Copy without pictures. Please restate each line of the listing exactly.

## Input data:
★ ★ ★ ★ ★
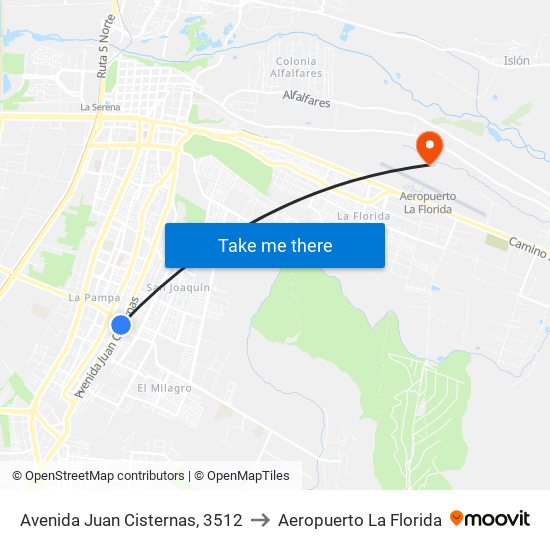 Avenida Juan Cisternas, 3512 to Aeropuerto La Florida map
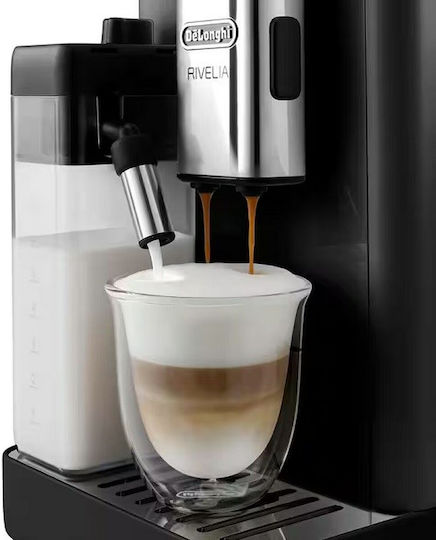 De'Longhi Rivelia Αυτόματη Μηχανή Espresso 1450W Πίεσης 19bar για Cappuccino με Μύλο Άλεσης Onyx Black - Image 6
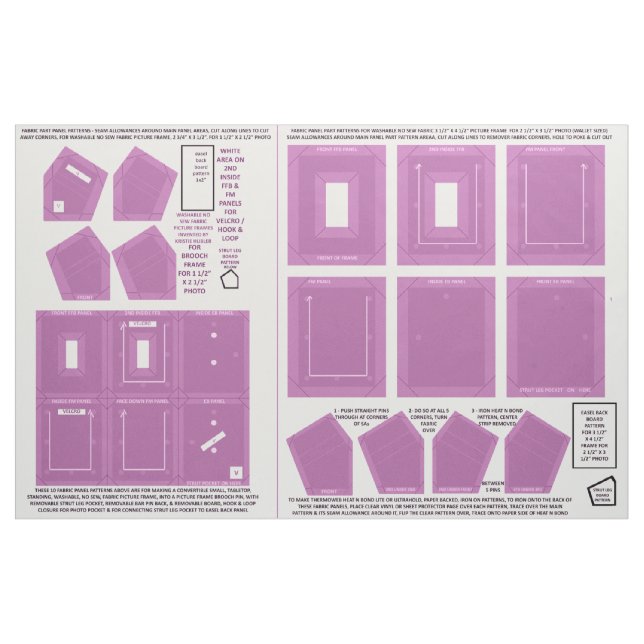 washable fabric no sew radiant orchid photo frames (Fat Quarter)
★ ★ ★ ★ ★
## Solution:
 Avenida Juan Cisternas, 3512 to Aeropuerto La Florida map
 De'Longhi Rivelia Αυτόματη Μηχανή Espresso 1450W Πίεσης 19bar για Cappuccino με Μύλο Άλεσης Onyx Black - Image 6
 washable fabric no sew radiant orchid photo frames (Fat Quarter)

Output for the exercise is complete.